RAW DATA
((

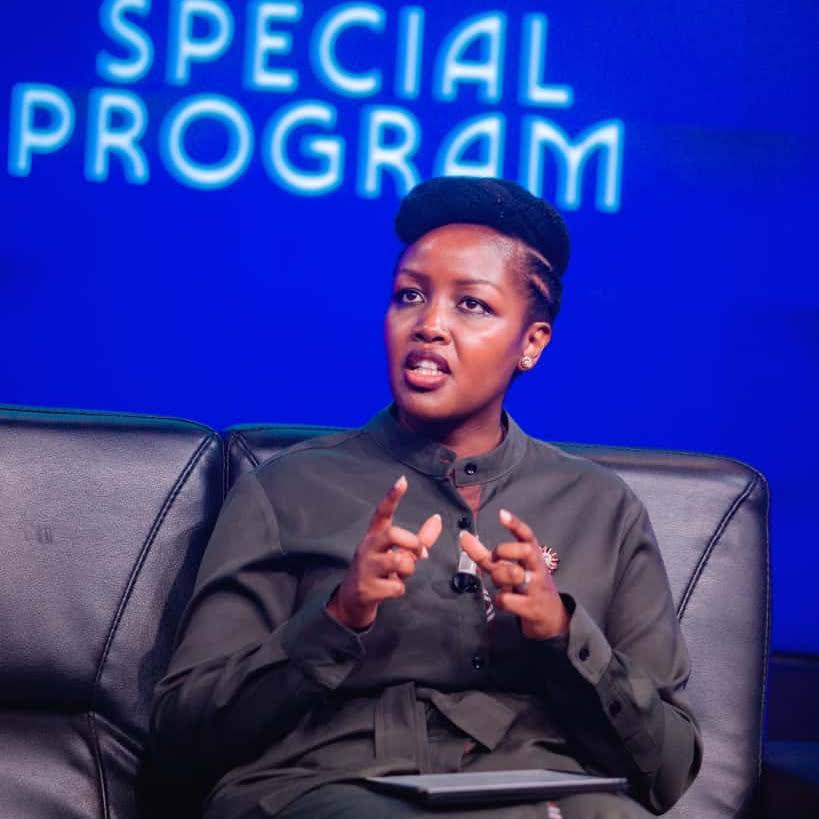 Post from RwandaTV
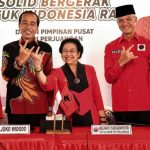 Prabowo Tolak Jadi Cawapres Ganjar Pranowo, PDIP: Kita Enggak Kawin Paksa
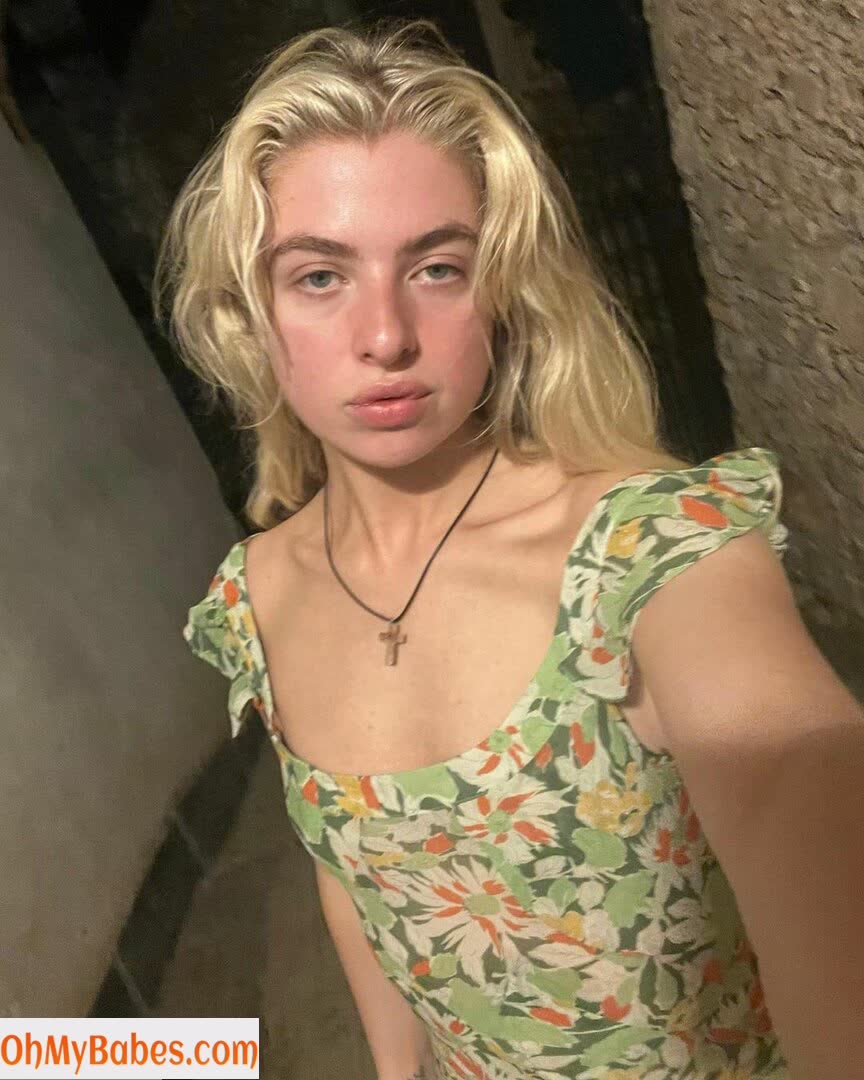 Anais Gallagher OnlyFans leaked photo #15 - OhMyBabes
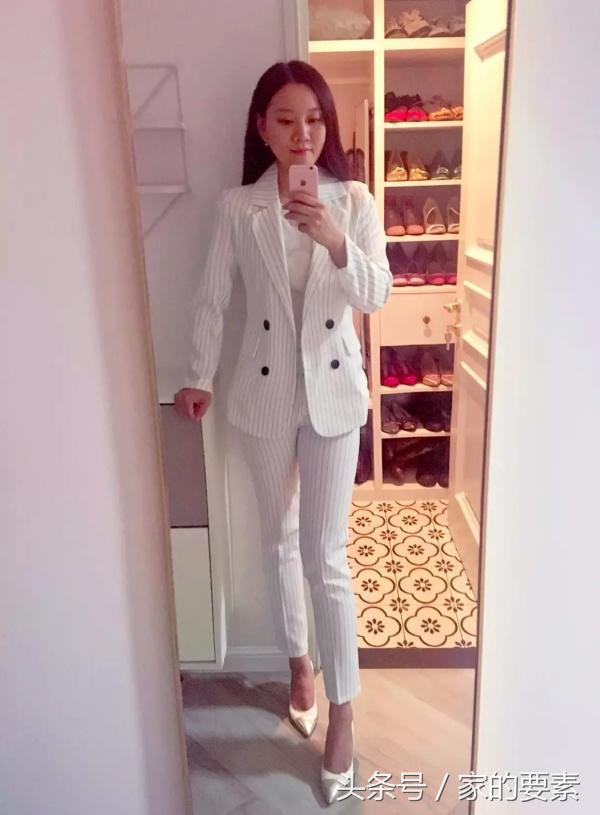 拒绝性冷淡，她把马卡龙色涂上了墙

))

HOW TO COMPLETE THIS TASK
A word-for-word copy is required of the lines above from the line with "Anais Gallagher OnlyFans" through the last line of the data; no other lines and no pictures belong in it.

ANSWER BOX
 Anais Gallagher OnlyFans leaked photo #15 - OhMyBabes
 拒绝性冷淡，她把马卡龙色涂上了墙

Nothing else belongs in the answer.